The string of particles degraded into a pattern of “quantum tornadoes” as they made the transition, providing a dramatic and interesting insight into the quantum world. Particles in the quantum realm, unlike you and the items around you, do not have a fixed location. Instead, the spooky idea that a particle’s specified location is a probability governs atoms.
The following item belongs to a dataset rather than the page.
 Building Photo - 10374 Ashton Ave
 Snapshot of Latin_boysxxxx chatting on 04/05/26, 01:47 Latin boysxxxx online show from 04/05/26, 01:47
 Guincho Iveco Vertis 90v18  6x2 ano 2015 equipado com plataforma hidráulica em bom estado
Because an atom has a probability of existing in two places at once, the usual rules of physics don’t apply.
In a statement, Richard Fletcher, assistant professor of physics at MIT and co-author of the study, said, “This crystallization is driven simply by interactions, and tells us we’re passing from the classical world to the quantum world.” When particles interact in this fashion, strange behavior should result, but detecting quantum physics while working in the “classical” environment isn’t easy.
MIT scientists overcame this barrier by quickly rotating a quantum fluid of ultra-cold atoms. The circular cloud of atoms initially formed a narrow needle-like shape. The needle fractured into a crystalline pattern of miniature quantum tornadoes as quantum mechanics took hold. According to the research team, the findings are the first direct documentation of a fast rotating quantum gas developing.
In the announcement, Martin Zwierlein, an MIT physics professor and co-author, stated, “Even in classical physics, this gives birth to remarkable pattern formation, like clouds looping around the Earth in lovely spiral motions.” “And now we can look into it from a quantum perspective.”
Writing software for quantum computers and circuits now necessitates a thorough understanding of the underlying science. However, IBM Research director Dario Gil argued in a Scientific American op-ed that this might change when the industry develops something approximating a quantum app store. And, he claims, that era of greater accessibility is rapidly approaching.
Quantum computers, according to Gil, will follow the same timeline as classical computers, beginning as highly technical devices and later becoming widespread and user pleasant – albeit on a much faster timetable. “Quantum computing researchers and fans must grasp quantum programming right now; it’s a requirement,” Gil said in SciAm. “But soon, all they’ll need is a quantum app store and a line of code,” says the author. Not like your smartphone’s app store, but rather like today’s code repositories like GitHub – a form of digital library where software engineers make their work open to everybody.”